Directions: In the entries below, find each line with the word "Fashion" and pull it out.

Stored data entries
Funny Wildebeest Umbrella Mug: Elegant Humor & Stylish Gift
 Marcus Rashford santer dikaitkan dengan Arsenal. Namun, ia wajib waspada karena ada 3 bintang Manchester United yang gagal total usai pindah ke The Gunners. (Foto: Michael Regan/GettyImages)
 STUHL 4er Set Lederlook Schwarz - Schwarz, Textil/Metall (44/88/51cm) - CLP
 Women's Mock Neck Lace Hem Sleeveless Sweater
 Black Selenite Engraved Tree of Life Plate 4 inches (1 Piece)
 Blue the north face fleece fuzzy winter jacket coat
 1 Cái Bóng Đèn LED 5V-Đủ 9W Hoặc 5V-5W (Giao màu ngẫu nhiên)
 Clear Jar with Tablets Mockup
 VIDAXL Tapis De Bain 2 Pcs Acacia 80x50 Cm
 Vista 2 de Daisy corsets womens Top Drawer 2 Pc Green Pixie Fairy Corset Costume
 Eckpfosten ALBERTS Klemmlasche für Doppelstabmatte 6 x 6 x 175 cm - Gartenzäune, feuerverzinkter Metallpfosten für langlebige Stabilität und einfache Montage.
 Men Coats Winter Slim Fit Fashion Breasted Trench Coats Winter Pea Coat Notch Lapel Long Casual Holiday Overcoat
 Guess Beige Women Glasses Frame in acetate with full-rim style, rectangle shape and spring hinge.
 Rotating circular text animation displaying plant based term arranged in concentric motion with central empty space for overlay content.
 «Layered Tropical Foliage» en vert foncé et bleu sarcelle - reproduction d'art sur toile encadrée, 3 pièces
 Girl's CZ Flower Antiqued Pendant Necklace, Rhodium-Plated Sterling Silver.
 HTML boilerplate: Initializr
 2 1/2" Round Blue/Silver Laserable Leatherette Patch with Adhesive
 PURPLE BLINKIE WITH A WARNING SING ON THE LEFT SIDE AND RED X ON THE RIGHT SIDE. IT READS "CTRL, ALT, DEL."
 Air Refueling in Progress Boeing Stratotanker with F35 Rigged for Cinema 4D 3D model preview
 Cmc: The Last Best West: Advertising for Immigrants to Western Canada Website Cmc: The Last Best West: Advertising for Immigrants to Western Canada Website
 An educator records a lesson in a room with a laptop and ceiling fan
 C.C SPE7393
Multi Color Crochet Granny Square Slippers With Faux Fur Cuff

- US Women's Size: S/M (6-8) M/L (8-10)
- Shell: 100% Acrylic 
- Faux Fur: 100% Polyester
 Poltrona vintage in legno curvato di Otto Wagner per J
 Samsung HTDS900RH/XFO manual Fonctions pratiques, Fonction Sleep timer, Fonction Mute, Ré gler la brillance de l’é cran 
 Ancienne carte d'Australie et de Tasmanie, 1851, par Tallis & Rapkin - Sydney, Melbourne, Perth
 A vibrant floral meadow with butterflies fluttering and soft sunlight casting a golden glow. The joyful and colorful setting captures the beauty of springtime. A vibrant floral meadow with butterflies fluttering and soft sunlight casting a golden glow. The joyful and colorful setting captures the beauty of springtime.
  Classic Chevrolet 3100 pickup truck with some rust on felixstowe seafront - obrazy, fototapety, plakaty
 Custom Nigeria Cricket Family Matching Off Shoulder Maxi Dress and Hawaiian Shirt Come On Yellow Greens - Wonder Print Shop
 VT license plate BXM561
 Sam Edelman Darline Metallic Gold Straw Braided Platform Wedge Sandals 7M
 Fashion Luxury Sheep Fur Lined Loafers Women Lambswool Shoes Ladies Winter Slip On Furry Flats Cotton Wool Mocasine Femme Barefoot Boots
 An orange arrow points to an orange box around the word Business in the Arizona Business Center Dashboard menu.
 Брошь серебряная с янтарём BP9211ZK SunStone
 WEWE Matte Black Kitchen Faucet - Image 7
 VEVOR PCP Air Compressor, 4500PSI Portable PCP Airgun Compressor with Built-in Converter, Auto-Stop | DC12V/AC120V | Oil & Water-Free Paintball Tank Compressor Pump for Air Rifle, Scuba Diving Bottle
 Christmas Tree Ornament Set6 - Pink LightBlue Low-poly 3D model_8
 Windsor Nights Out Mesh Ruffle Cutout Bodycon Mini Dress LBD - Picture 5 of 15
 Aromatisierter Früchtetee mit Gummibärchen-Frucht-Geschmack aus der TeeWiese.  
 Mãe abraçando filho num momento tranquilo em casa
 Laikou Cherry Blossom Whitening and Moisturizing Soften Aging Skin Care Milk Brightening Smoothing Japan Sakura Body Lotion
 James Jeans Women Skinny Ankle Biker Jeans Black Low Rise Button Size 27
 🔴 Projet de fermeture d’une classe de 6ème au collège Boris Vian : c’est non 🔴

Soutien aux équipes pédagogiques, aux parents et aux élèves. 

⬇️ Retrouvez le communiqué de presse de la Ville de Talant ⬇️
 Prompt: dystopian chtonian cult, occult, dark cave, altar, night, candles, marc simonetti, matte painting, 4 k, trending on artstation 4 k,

Exercise answer:
 Men Coats Winter Slim Fit Fashion Breasted Trench Coats Winter Pea Coat Notch Lapel Long Casual Holiday Overcoat
 Fashion Luxury Sheep Fur Lined Loafers Women Lambswool Shoes Ladies Winter Slip On Furry Flats Cotton Wool Mocasine Femme Barefoot Boots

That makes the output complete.